(Stored items)
####

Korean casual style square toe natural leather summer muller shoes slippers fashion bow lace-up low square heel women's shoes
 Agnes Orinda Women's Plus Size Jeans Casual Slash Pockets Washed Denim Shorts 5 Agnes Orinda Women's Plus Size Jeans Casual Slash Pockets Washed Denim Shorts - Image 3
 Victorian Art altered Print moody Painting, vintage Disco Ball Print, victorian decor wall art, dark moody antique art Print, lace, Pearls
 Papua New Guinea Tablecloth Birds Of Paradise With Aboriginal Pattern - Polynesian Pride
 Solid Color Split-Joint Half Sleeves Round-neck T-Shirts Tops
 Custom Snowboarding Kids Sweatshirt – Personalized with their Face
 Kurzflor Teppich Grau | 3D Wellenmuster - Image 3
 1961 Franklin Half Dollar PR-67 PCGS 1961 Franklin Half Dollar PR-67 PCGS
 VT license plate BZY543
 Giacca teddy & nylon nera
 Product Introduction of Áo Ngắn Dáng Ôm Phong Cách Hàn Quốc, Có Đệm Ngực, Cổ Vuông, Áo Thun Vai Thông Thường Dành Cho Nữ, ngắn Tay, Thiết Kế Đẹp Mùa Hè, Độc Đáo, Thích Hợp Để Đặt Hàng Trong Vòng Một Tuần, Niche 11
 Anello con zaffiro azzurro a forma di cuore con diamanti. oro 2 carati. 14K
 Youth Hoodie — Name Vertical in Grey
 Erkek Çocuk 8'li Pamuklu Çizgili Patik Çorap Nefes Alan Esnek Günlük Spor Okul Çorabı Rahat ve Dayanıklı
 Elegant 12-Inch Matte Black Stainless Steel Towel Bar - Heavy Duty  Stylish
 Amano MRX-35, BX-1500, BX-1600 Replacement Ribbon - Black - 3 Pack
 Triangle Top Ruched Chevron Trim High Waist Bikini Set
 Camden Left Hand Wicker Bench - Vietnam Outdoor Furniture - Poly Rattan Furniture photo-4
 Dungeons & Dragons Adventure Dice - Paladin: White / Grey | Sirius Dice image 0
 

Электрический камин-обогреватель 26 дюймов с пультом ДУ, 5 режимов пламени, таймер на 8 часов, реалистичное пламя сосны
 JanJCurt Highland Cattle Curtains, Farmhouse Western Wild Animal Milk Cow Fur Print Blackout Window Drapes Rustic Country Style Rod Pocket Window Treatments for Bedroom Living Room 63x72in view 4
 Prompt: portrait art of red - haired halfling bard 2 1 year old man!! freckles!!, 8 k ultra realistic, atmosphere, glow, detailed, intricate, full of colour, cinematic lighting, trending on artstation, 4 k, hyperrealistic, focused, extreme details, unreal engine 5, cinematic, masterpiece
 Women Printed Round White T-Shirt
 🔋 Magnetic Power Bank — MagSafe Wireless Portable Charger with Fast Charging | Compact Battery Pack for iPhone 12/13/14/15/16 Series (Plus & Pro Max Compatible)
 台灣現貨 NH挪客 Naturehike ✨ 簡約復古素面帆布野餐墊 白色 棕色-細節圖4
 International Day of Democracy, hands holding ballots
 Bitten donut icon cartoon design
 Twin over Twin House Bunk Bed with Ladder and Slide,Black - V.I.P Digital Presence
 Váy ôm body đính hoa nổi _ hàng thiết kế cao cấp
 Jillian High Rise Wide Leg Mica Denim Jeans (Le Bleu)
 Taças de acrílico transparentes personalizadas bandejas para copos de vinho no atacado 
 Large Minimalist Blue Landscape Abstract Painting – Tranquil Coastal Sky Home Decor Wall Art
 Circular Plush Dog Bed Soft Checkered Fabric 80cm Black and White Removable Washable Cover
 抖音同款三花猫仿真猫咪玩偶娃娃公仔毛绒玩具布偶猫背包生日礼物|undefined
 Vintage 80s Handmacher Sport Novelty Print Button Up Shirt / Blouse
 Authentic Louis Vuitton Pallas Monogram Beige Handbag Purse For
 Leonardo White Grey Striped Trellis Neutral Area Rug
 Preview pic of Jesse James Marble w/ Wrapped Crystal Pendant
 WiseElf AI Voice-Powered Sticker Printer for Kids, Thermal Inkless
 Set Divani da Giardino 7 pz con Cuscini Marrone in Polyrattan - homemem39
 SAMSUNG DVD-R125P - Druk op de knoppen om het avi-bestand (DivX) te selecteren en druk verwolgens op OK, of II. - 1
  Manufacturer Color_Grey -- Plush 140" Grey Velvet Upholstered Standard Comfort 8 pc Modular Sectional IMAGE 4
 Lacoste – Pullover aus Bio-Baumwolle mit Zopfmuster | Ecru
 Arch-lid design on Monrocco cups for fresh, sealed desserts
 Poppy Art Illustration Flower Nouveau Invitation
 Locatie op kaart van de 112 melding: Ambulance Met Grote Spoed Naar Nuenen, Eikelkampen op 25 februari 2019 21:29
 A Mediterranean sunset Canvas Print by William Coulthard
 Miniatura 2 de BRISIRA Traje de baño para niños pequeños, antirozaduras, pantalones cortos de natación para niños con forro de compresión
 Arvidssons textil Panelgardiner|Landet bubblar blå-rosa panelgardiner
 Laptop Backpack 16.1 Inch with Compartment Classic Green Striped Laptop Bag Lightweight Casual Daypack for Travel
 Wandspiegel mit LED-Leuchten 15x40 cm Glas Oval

####

* [Work item] Return word for word the lines above from the line with "Pro Max Compatible)" to the line with "WiseElf AI Voice-Powered", including both and leaving out all others.

* [Task answer]
 🔋 Magnetic Power Bank — MagSafe Wireless Portable Charger with Fast Charging | Compact Battery Pack for iPhone 12/13/14/15/16 Series (Plus & Pro Max Compatible)
 台灣現貨 NH挪客 Naturehike ✨ 簡約復古素面帆布野餐墊 白色 棕色-細節圖4
 International Day of Democracy, hands holding ballots
 Bitten donut icon cartoon design
 Twin over Twin House Bunk Bed with Ladder and Slide,Black - V.I.P Digital Presence
 Váy ôm body đính hoa nổi _ hàng thiết kế cao cấp
 Jillian High Rise Wide Leg Mica Denim Jeans (Le Bleu)
 Taças de acrílico transparentes personalizadas bandejas para copos de vinho no atacado 
 Large Minimalist Blue Landscape Abstract Painting – Tranquil Coastal Sky Home Decor Wall Art
 Circular Plush Dog Bed Soft Checkered Fabric 80cm Black and White Removable Washable Cover
 抖音同款三花猫仿真猫咪玩偶娃娃公仔毛绒玩具布偶猫背包生日礼物|undefined
 Vintage 80s Handmacher Sport Novelty Print Button Up Shirt / Blouse
 Authentic Louis Vuitton Pallas Monogram Beige Handbag Purse For
 Leonardo White Grey Striped Trellis Neutral Area Rug
 Preview pic of Jesse James Marble w/ Wrapped Crystal Pendant
 WiseElf AI Voice-Powered Sticker Printer for Kids, Thermal Inkless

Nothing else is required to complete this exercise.